We ended last week by finding that the following quantity is equal in two systems in thermal equalibrium \begin{align} \beta &= \left(\frac{\partial \ln g}{\partial E}\right)_{V} \end{align} where \(g(E)\) is the multiplicity in the microcanonical ensemble. To more definitively connect this with temperature, we will again consider two systems in thermal equilibrium using a microcanonical ensemble, but this time we will make one of those two systems huge. In fact, it will be so huge that we can treat it using classical thermodynamics, i.e. we can conclude that the above equation applies, and we can assume that the temperature of this huge system is unaffected by the small change in energy that could happen due to differences in the small system.
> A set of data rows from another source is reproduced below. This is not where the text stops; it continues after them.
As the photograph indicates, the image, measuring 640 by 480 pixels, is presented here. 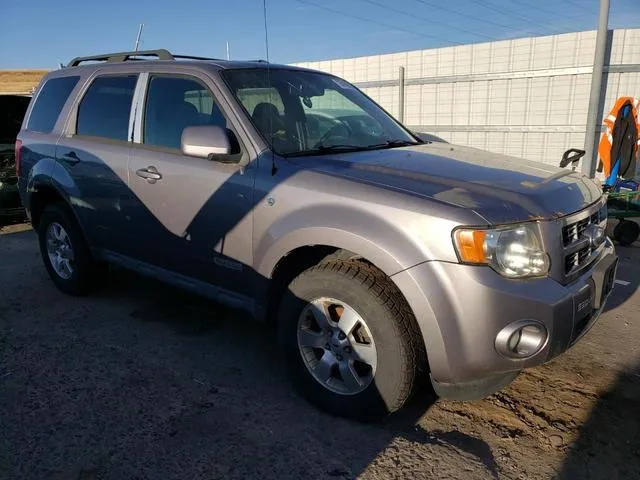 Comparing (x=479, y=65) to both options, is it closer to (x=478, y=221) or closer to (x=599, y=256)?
(x=599, y=256)

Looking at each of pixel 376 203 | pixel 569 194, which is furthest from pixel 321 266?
pixel 569 194

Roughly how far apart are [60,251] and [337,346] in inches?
122

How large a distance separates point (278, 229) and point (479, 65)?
9.03 meters

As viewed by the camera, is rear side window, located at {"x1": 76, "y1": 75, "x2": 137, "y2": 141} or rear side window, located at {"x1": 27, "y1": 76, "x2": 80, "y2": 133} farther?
rear side window, located at {"x1": 27, "y1": 76, "x2": 80, "y2": 133}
Let us now examine the multiplicity of our combined system, making \(B\) be our large system: \begin{align} g_{AB}(E) &= \sum_{E_A}g_A(E_A) g_B(E_{AB}-E_A) \end{align} We can further find the probability of any particular energy being observed from \begin{align} P_{A}(E_A|E_{AB}) &= \frac{g_A(E_A)g_B(E_{AB}-E_A)}{ \sum_{E_A'}g_A(E_A') g_B(E_{AB}-E_A') } \end{align} where we are counting how many microstatesstates of the combined system have this particular energy in system \(A\), and dividing by the total number of microstates of the combined system to create a probability. So far this is identical to what we had last week. The difference is that we are now claiming that system \(B\) is huge. This means that we can approximate \(g_B\). Doing so, however requires some care.
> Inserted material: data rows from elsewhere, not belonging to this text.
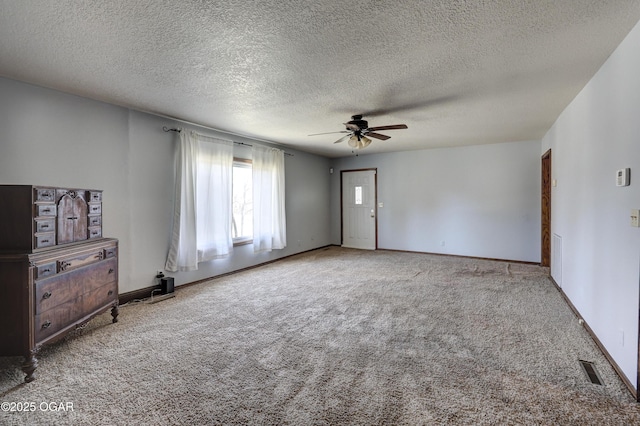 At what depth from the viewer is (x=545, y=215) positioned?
18.7ft

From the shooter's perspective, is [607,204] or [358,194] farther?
[358,194]

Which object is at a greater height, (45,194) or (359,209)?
(45,194)

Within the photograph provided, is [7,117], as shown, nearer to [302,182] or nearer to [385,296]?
[385,296]

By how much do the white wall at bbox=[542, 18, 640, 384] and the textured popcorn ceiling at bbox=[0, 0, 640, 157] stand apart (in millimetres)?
263

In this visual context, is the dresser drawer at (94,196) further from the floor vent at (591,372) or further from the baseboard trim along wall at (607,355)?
the baseboard trim along wall at (607,355)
We might be tempted to simply Taylor expand \(g_B\) \begin{align} g_B(E_{AB}-E_A) &\approx g_B(E_{AB}) - \beta g_B(E_{AB}) E_A +\cdots \\ &\approx g_B(E_{AB})(1 - \beta E_A) \end{align} This however, would be wrong unless \(\beta E_A\ll 1\). One way to see that this expansion must have limited range is that if \(\beta E_a\ge 1\) then we will end up with a negative multiplicity, which is meaningless. The trouble is that we only assumed that \(E_A\) was small enough not to change the temperature (or \(\beta\)), which does not mean that \(\beta E_A<1\). Thus this expansion is guaranteed to fail.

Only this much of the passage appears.